In primis si dispone che nei casi di sentenza irrevocabile di assoluzione perché il fatto non sussiste o l’imputato non lo ha commesso, i fatti materiali accertati in sede dibattimentale faranno stato nel processo tributario quanto all’accertamento dei fatti medesimi con sostanziale superamento dell’orientamento giurisprudenziale che, oggi, rende inapplicabile l’art. 654 c.p.p. in materia tributaria.

L’efficacia di questo superamento, in concreto, concerne i limiti probatori dei diversi criteri valutativi dei due regimi.

Tuttavia, rimangono esclusi dal fare stato nel processo tributario le notizie di reato che sfociano in una richiesta e relativo decreto di archiviazione nonché altresì la sentenza di non luogo a procedere emessa dal Gup poiché trattasi di fasi processuali diverse e precedenti ad una pronuncia dibattimentale assolutoria, che si raggiunge una volta esperita la relativa istruttoria in giudizio ordinario, la quale deve divenire irrevocabile ai fini del riconoscimento di giudicato automatico nel contenzioso tributario.

Certamente sarebbe auspicabile rafforzare la valenza probatoria nel giudizio tributario di tali indicati provvedimenti quanto meno qualora il decreto di archiviazione o la sentenza di non luogo a procedere contengano un’estesa e motivata valutazione circa l’insussistenza del fatto o l’inesistenza di un collegamento causale fra il fatto ed il comportamento del contribuente.

L’obiettivo perseguito dalla riforma non è solo quello di una maggiore integrazione tra i diversi tipi di sanzione, ma altresì la previsione di un regime premiale, sul piano delle sanzioni, per le imprese che adottino un adeguato sistema di rilevazione, misurazione, gestione e controllo del rischio fiscale.

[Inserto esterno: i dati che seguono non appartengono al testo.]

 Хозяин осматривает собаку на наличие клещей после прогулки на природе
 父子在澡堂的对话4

Pertanto è adottata una particolare attenzione alla condotta collaborativa del contribuente, che ha preso forma con la pubblicazione del decreto legislativo del 30 dicembre 2023 n. 221 pubblicato nella Gazzetta Ufficiale n. 2 del 3 gennaio 2024 concernente il rivisitato regime di adempimento collaborativo con previsione, sotto il profilo penale, al ricorrere di specifici presupposti, della esclusione della punibilità per la contestazione del reato di dichiarazione infedele ex art. 4 D. Lgs. n. 74/00, qualora la condotta riguardi rischi di natura fiscale relativi a elementi attivi, comunicati in modo tempestivo ed esauriente all’Agenzia delle Entrate tramite interpello, prima della presentazione delle dichiarazioni fiscali o prima del decorso delle relative scadenze fiscali.

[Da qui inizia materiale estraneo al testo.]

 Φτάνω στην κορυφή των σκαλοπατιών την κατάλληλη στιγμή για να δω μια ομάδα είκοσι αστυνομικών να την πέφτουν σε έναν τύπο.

Viene, altresì, ad essere attribuita specifica rilevanza all’ipotesi di sopravvenuta impossibilità di far fronte al pagamento del tributo qualora ciò non dipenda da fatti imputabili al soggetto interessato dall’inadempimento, con valorizzazione di tale condotta mediante la possibilità di prevedere una causa di non punibilità e/o maggiori circostanze attenuanti, nonché con specifico rilievo alle definizioni raggiunte in sede amministrativa e giudiziaria ai fini della valutazione della rilevanza penale del fatto.